The brain exists in a physical universe, made out of matter/energy, and its
behaviours are entirely dictated by the laws of physics; that's a fairly
accepted truth unless you have solid evidence otherwise.

The laws of physics are mathematical and can be computed by their very nature,
and we are already pretty good at simulating physical interactions to a
quantum level, and this ability improves over time.

At some point in time, unless there is "magic" or missing physics, a
sufficiently powerful computer with a physically accurate simulation of a
brain would produce virtually identical results to a real brain.

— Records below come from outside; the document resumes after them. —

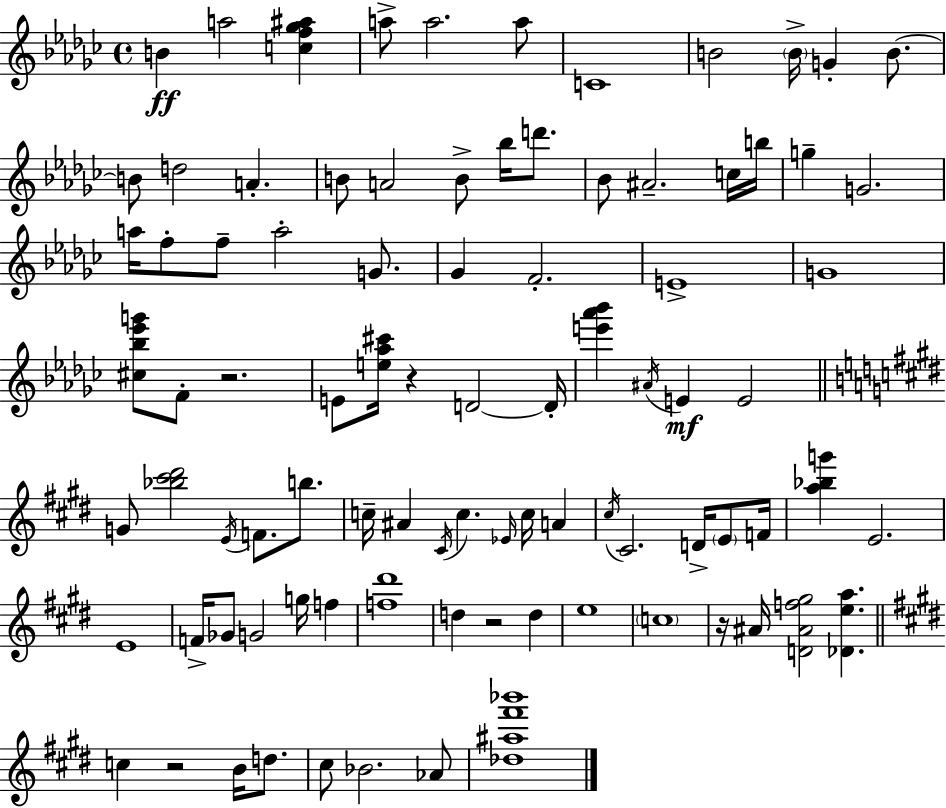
{
  \clef treble
  \time 4/4
  \defaultTimeSignature
  \key ees \minor
  b'4\ff a''2 <c'' f'' ges'' ais''>4 | a''8-> a''2. a''8 | c'1 | b'2 \parenthesize b'16-> g'4-. b'8.~~ | \break b'8 d''2 a'4.-. | b'8 a'2 b'8-> bes''16 d'''8. | bes'8 ais'2.-- c''16 b''16 | g''4-- g'2. | \break a''16 f''8-. f''8-- a''2-. g'8. | ges'4 f'2.-. | e'1-> | g'1 | \break <cis'' bes'' ees''' g'''>8 f'8-. r2. | e'8 <e'' aes'' cis'''>16 r4 d'2~~ d'16-. | <e''' aes''' bes'''>4 \acciaccatura { ais'16 } e'4\mf e'2 | \bar "||" \break \key e \major g'8 <bes'' cis''' dis'''>2 \acciaccatura { e'16 } f'8. b''8. | c''16-- ais'4 \acciaccatura { cis'16 } c''4. \grace { ees'16 } c''16 a'4 | \acciaccatura { cis''16 } cis'2. | d'16-> \parenthesize e'8 f'16 <a'' bes'' g'''>4 e'2. | \break e'1 | f'16-> ges'8 g'2 g''16 | f''4 <f'' dis'''>1 | d''4 r2 | \break d''4 e''1 | \parenthesize c''1 | r16 ais'16 <d' ais' f'' gis''>2 <des' e'' a''>4. | \bar "||" \break \key e \major c''4 r2 b'16 d''8. | cis''8 bes'2. aes'8 | <des'' ais'' fis''' bes'''>1 | \bar "|."
}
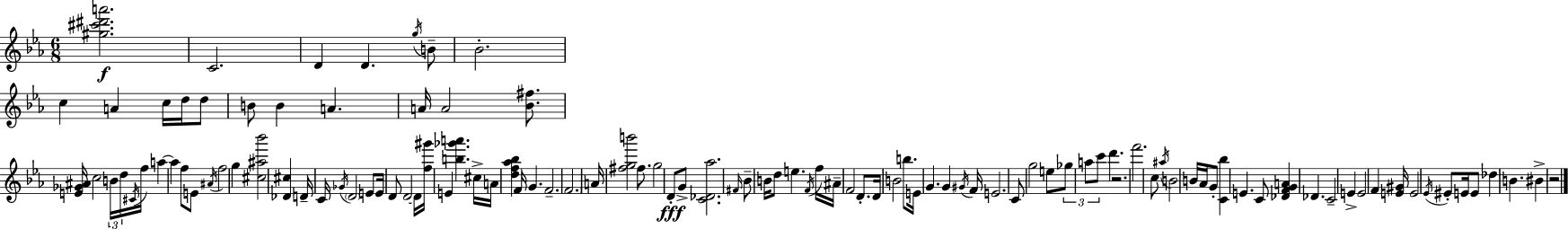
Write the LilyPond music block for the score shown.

{
  \clef treble
  \numericTimeSignature
  \time 6/8
  \key ees \major
  <gis'' cis''' dis''' a'''>2.\f | c'2. | d'4 d'4. \acciaccatura { g''16 } b'8-- | bes'2.-. | \break c''4 a'4 c''16 d''16 d''8 | b'8 b'4 a'4. | a'16 a'2 <bes' fis''>8. | <e' ges' ais'>16 c''2 \tuplet 3/2 { b'16 d''16 | \break \acciaccatura { cis'16 } } f''16 a''4~~ a''4 f''8 | e'8 \acciaccatura { ais'16 } f''2 g''4 | <cis'' ais'' bes'''>2 <des' cis''>4 | d'16-- c'16 \acciaccatura { ges'16 } \parenthesize d'2 | \break e'8 e'16 d'8 d'2~~ | d'16 <f'' gis'''>16 e'4 <b'' ges''' a'''>4. | cis''16-> a'16 <d'' f'' aes'' bes''>4 f'16 g'4. | f'2.-- | \break \parenthesize f'2. | a'16 <fis'' g'' b'''>2 | fis''8. g''2 | d'8-.\fff g'8-> <c' des' aes''>2. | \break \grace { fis'16 } bes'8-- b'16 d''8 e''4. | \acciaccatura { f'16 } f''16 ais'16-- f'2 | d'8.-. d'16 b'2 | b''8. e'16 g'4. | \break g'4 \acciaccatura { gis'16 } f'16 e'2. | c'8 g''2 | e''8 \tuplet 3/2 { ges''8 a''8 c'''8 } | d'''4. r2. | \break f'''2. | c''8 \acciaccatura { ais''16 } b'2 | b'16 aes'16 g'8-. <c' bes''>4 | e'4. c'8 <des' f' g' a'>4 | \break des'4. c'2-- | e'4-> e'2 | f'4 <e' gis'>16 e'2 | \acciaccatura { ees'16 } eis'8-. e'16 e'8 des''4 | \break b'4. bis'4-> | r2 \bar "|."
}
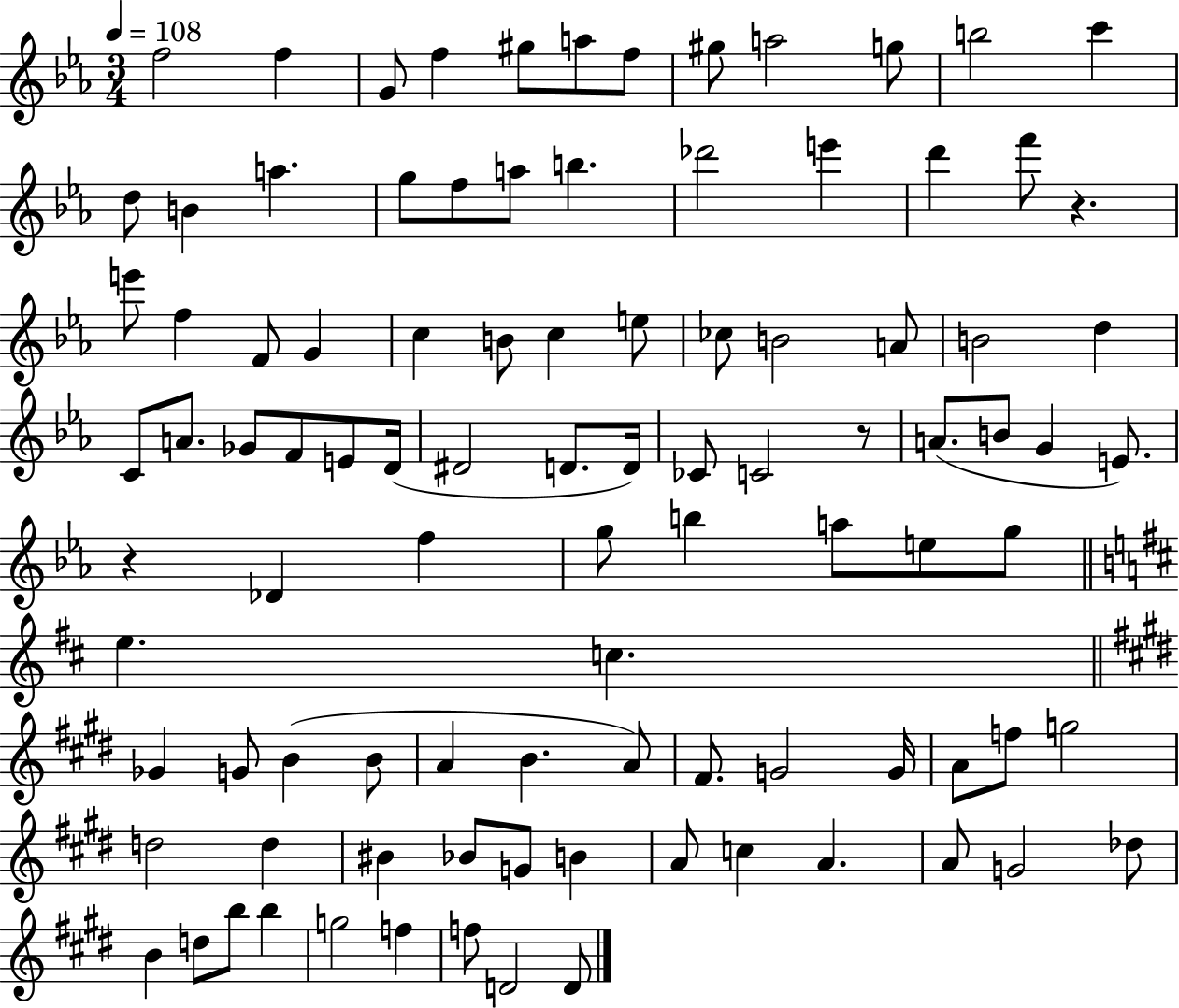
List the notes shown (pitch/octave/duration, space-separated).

F5/h F5/q G4/e F5/q G#5/e A5/e F5/e G#5/e A5/h G5/e B5/h C6/q D5/e B4/q A5/q. G5/e F5/e A5/e B5/q. Db6/h E6/q D6/q F6/e R/q. E6/e F5/q F4/e G4/q C5/q B4/e C5/q E5/e CES5/e B4/h A4/e B4/h D5/q C4/e A4/e. Gb4/e F4/e E4/e D4/s D#4/h D4/e. D4/s CES4/e C4/h R/e A4/e. B4/e G4/q E4/e. R/q Db4/q F5/q G5/e B5/q A5/e E5/e G5/e E5/q. C5/q. Gb4/q G4/e B4/q B4/e A4/q B4/q. A4/e F#4/e. G4/h G4/s A4/e F5/e G5/h D5/h D5/q BIS4/q Bb4/e G4/e B4/q A4/e C5/q A4/q. A4/e G4/h Db5/e B4/q D5/e B5/e B5/q G5/h F5/q F5/e D4/h D4/e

So either there must be new physics involved, or, the notion that a
sufficiently advanced computer simulation can't produce imagination must be
abandoned.

A team of scientists able to sufficiently model the physics of the brain (and
presumably the entire central nervous system, I imagine a disembodied brain
simulation would experience a horrific form of locked-in syndrome) would not
need to be concerned about emergent properties of the simulation such as a
sense of consciousness, or thought, or imagination. Those things will just
happen once the simulation is perfected.

Indeed the cognitive neuroscience folk, etc, would be invaluable to actually
understanding, training, interpreting and caring for the brain simulation, and
figuring out if its behaviours and interactions constitute consciousness etc,
so I do not think this has to even be framed as programmers pretending to know
about brain stuff vs brain people who dismiss any notion of computationally
recreating consciousness. It would be a team effort that works both ways, but
is already doomed to fail if half the team thinks it's impossible from the
get-go.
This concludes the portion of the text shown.